Library Loot faves

wandering whale sharks

Wandering Whale Sharks – Susumu Shingu, translated by Ann B. Cary and Yasuko Shingu

Meet the world’s largest living fish: the whale shark. With a back like a mountain range and a body that creates an enormous, looming shadow in the ocean below him, the whale shark is an exceptionally gentle giant—and yet it is relatively unknown. This informational picture book introduces readers to these stunning creatures in spare, poetic text. It’s a lyrical meditation that gives a sense of the whale shark’s slow, grand journey through the Earth’s oceans while creating an opportunity for inquiry and awe. Deep blue sketch illustrations play with perspective and seem to move with the natural energy of wind and water. The book ends with a factual page about whale sharks, which can be found in all tropical seas, and have been spotted off the coast of several countries around the world, including South Africa, Australia, India, the Philippines, Indonesia, and Mexico. Readers will come away with a well-formed sense of wonder and respect as they leave the whale shark to continue his leisurely journey.

The text is simple and poetic, often just a sentence to each page. And the illustrations are stunning, with its palate of blues, whites and blacks. An absolutely gorgeous book.

Shingu has another book available in English, Traveling Butterflies. Sadly my library doesn’t seem to have it.

Mr Postmouse’s Rounds – Marianne Dubuc

Mr. Postmouse has loaded up his wagon and is ready to deliver the mail. From the lofty heights of the Birds’ tree houses to the inky depths of Mrs. Octopus’s ship, the intrepid letter carrier lets nothing stand in the way of his deliveries. Each spread features whimsically detailed interiors of creatures’ homes, which readers will pore over for delightful surprises. This is a charming introduction to the postal system and an imaginative survey of different types of homes.
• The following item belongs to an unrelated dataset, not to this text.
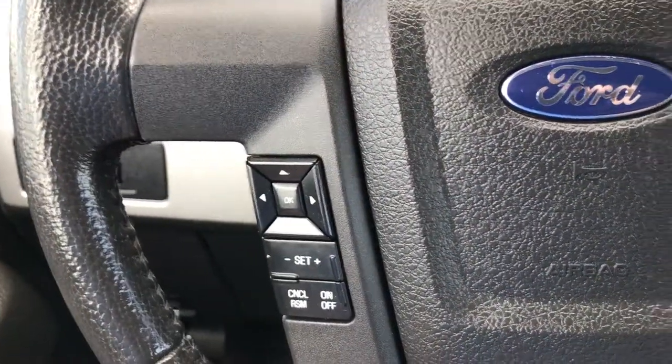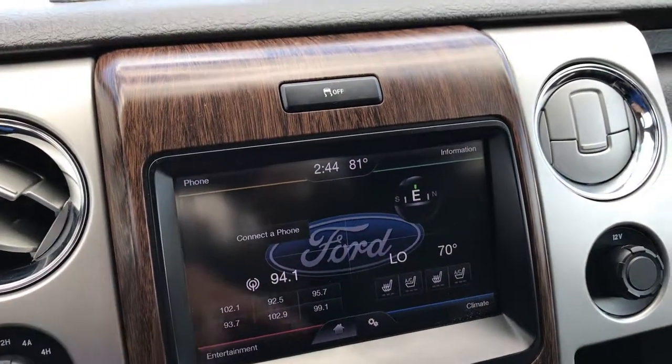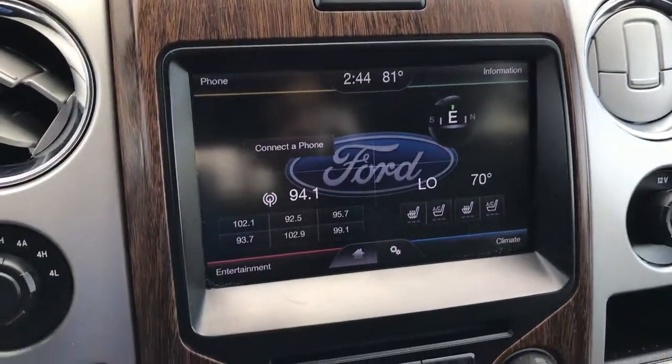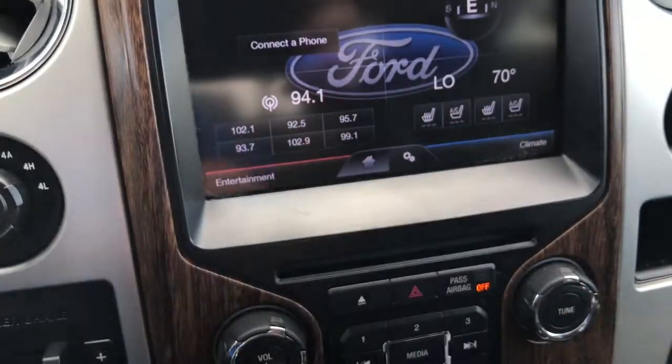Audio controls, cruise controls. You have the MyFord Touch radio with climate controls, entertainment, and you can connect your phone through the Sync system. It has a factory brake controller, electronic four-wheel drive, and dual climate control. Here are your heated and AC seat buttons.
As an adult, I love these kinds of books with little details to pore over. And so do my kids. They had fun pointing out all the little details that made each house different. Colourful, vibrant, lots of fun.
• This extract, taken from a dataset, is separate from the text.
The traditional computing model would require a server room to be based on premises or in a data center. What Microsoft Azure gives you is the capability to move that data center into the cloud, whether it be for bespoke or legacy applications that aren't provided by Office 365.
The Gingerbread Man loose on the fire truck – Laura Murray ; illustrated by Mike Lowery

Guess who gets to go along on a field trip to the firehouse? The Gingerbread Man! But when he falls out of his classmate’s pocket, Spot the Dalmatian comes sniffing around. Luckily, this Gingerbread Man is one smart cookie, and he races into the fire truck, up the pole, and all through the station, staying one step ahead of the hungry dog the whole time.Then an emergency call comes in and the Gingerbread Man knows just what to do:

“I’ll ride to the rescue, as fast as I can.

I want to help, too! I’m the Gingerbread Man!”

With snappy rhymes and fresh illustrations, the Gingerbread Man makes a sweet return in his second school adventure. Includes a poster with fire safety tips and activities.

Children’s books are all about reading out loud – at least to my kids’ age group of 2 and 4. So I really appreciate a good rhyme. And this one was just that. I’ve had to read some rather awkward rhymes in books (I’m looking at you, Sam, Sebbi and Di-di-di), so it was a true delight to read the Gingerbread man. Good news! The Gingerbread Man is also loose in school and at Christmas, so there’s plenty more to read.